- Provided material
..............................

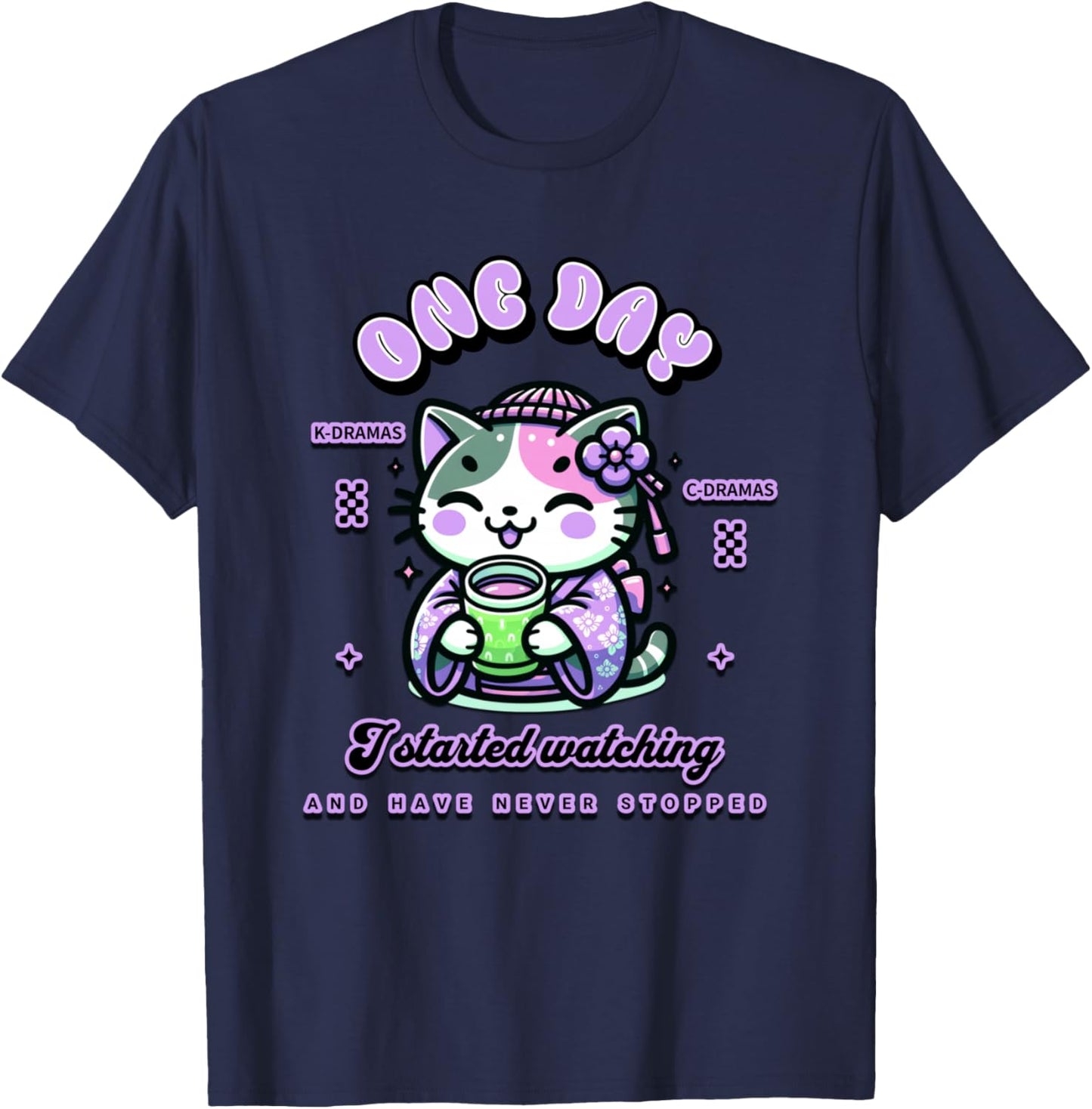Cute Cat Watching K-Dramas and C-Dramas T-Shirt - T-Shirt | Navy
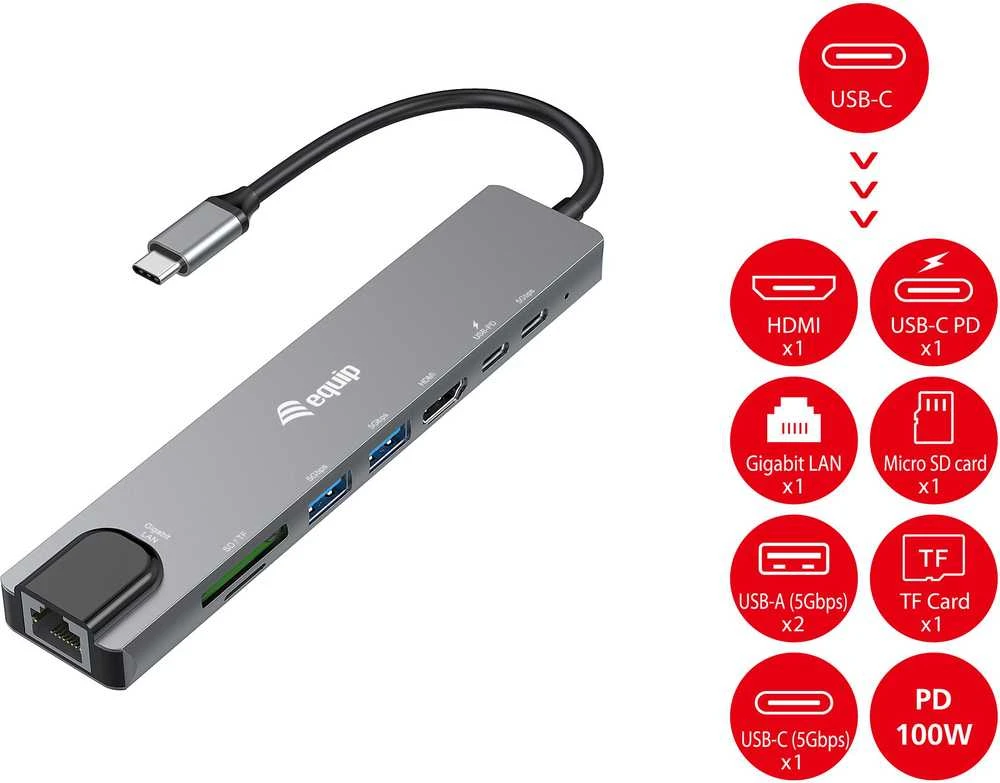 Equip USB-C daugiafunkcis adapteris su piktogramomis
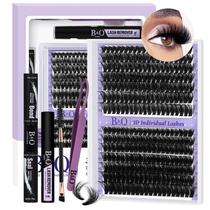 Kit de extensão de cílios B&Qaugen 3D Thick Lash Clusters 280 unidades Kit de extensão de cílios B&Qaugen 3D Thick Lash Clusters 280 unidades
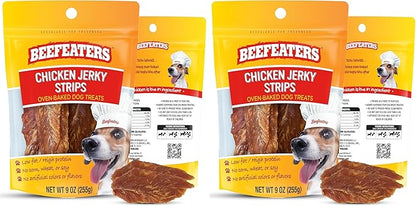 Beefeaters Chicken Jerky Strips for Dogs, 9 oz – Dog Treat. 100% Real Chicken Breast, Grain-Free, No Additives, Perfect for Training & Healthy Growth, Allergy-Friendly (Pack of 2)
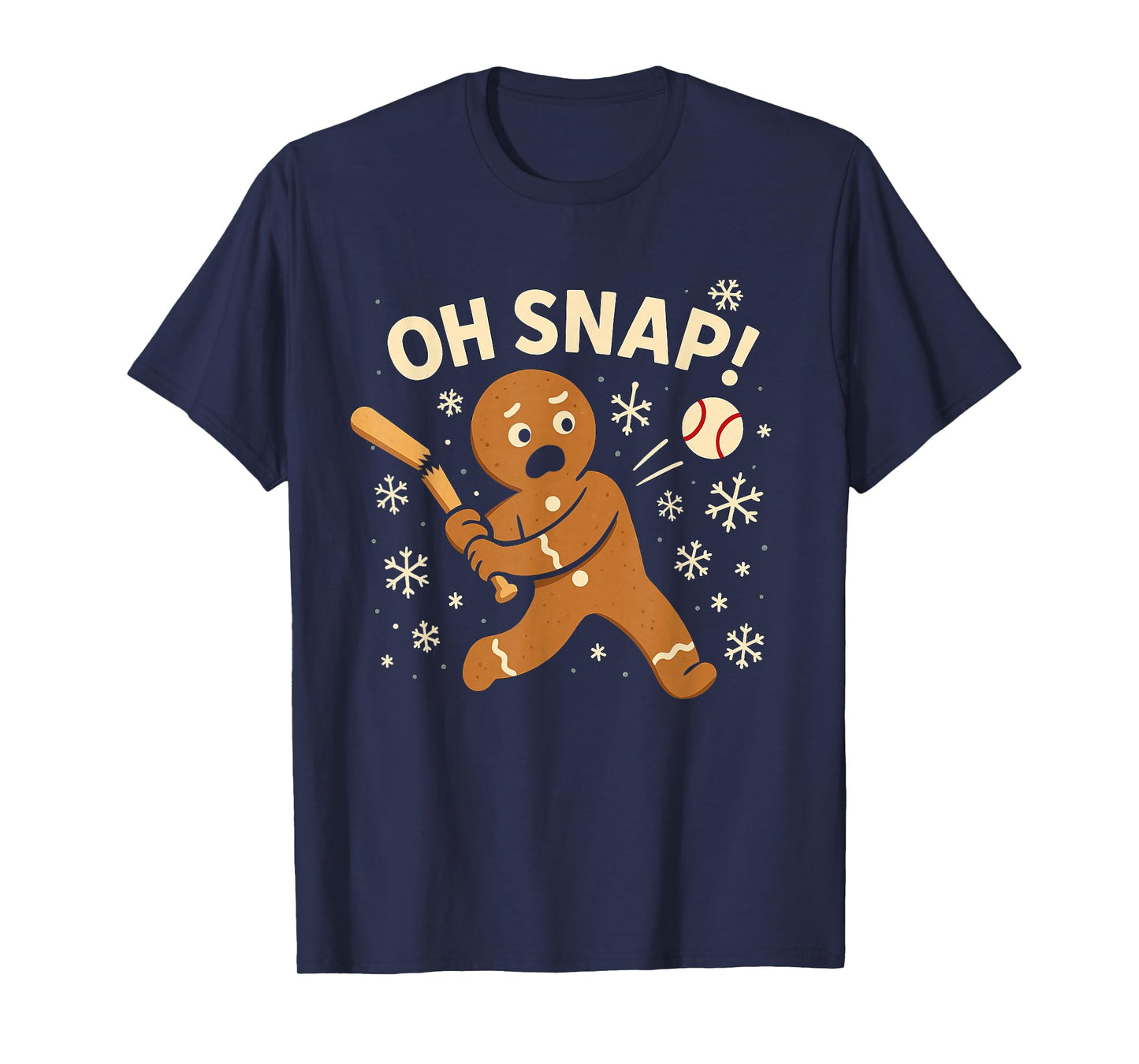 Oh Snap Gingerbreadman Christmas Baseball T-Shirt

..............................

- Work item
Output the entries verbatim but drop the images.

- Finished exercise
Cute Cat Watching K-Dramas and C-Dramas T-Shirt - T-Shirt | Navy
 Equip USB-C daugiafunkcis adapteris su piktogramomis
 Kit de extensão de cílios B&Qaugen 3D Thick Lash Clusters 280 unidades Kit de extensão de cílios B&Qaugen 3D Thick Lash Clusters 280 unidades
 Beefeaters Chicken Jerky Strips for Dogs, 9 oz – Dog Treat. 100% Real Chicken Breast, Grain-Free, No Additives, Perfect for Training & Healthy Growth, Allergy-Friendly (Pack of 2)
 Oh Snap Gingerbreadman Christmas Baseball T-Shirt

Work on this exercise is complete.